幸せな気分をそのままに、僕は起き上がった君を背中から抱きしめた。
そして首筋にわざとらしく音を立ててキスを3回。

ねぇ、こっちに向いてくれないかな。

僕は君を正面から見つめてゆっくりおはようとありがとうのキスをしたいんだ。


ねぇ、いいよね。

もう、しょうがない人ね。彼女は小さくそう言うとようやく僕の方に向き直ってくれた。

「貴文さん」
「はい、なんでしょう?」
「どうしてそんなに甘えた態度なんですか?なんだか猫みたい」
「前に言ったでしょ、僕は猫なんだって。

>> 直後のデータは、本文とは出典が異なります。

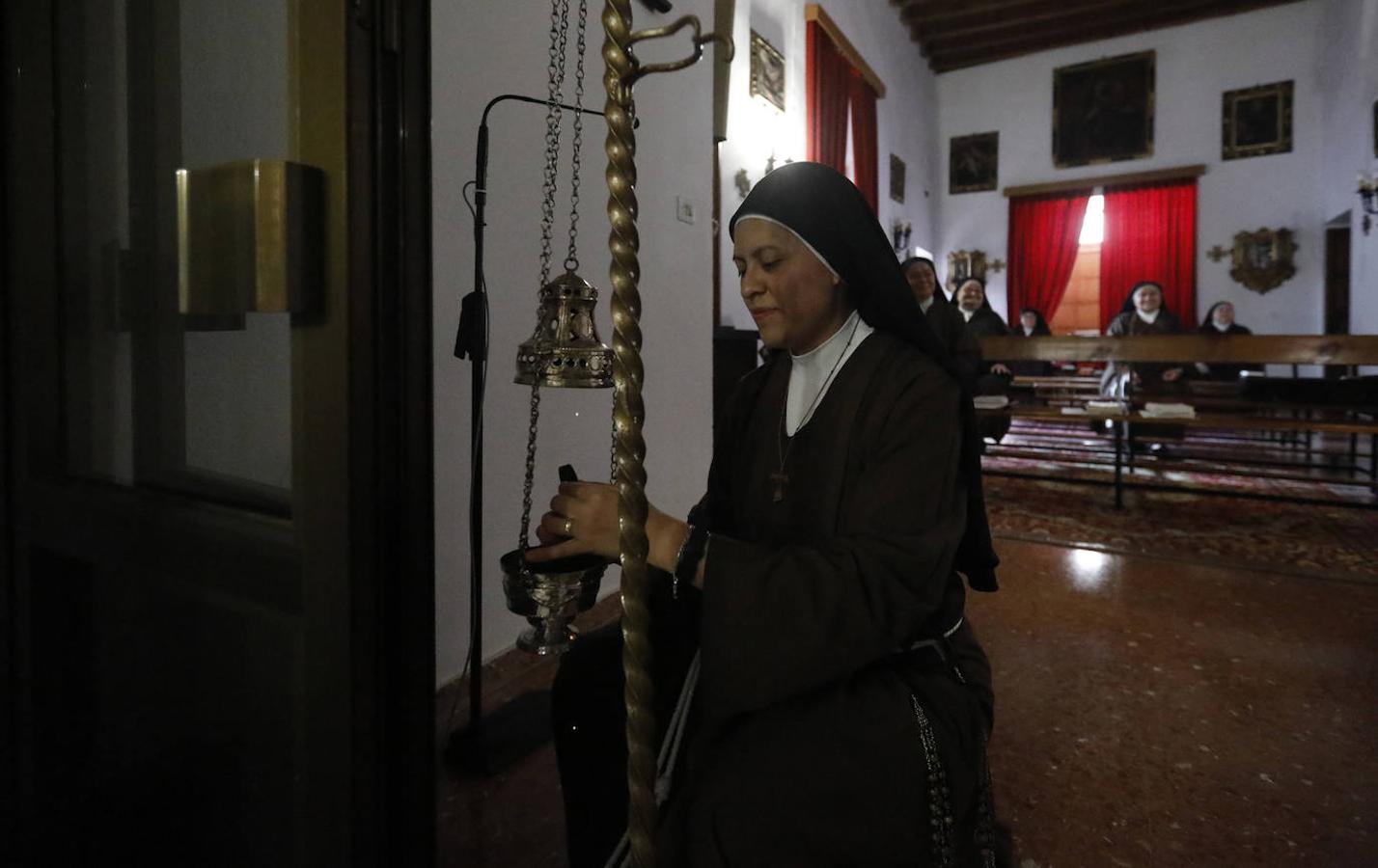 El reparto de pan de San Antonio en las Capuchinas de Córdoba, en imágenes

もう忘れた?」
「ううん、覚えてる。貴文さんが猫なんだったらわたしがちゃんと遊んであげなきゃって思ったから覚えてる」
「そうだね、ありがとう」

僕は猫なんです、そんなことをつい君に言ってしまったことがあったね。普通、やーね何言ってんだか、なんて言って笑われるのがオチだけど、君はそんなことがなかった。むしろきょとんとしてたっけ。

その時の君がそんなことを思っていたなんて。

ごめんね、そして、ありがとう。
僕はきっと何度でも君を愛してるって言うよ。
百万回のキスと一緒に抱きしめながら。


あ、今お腹が鳴りました。
猫もお腹が空いたって鳴いてますね。
ささ、ツナサンドでも作りましょう。僕も手伝うから。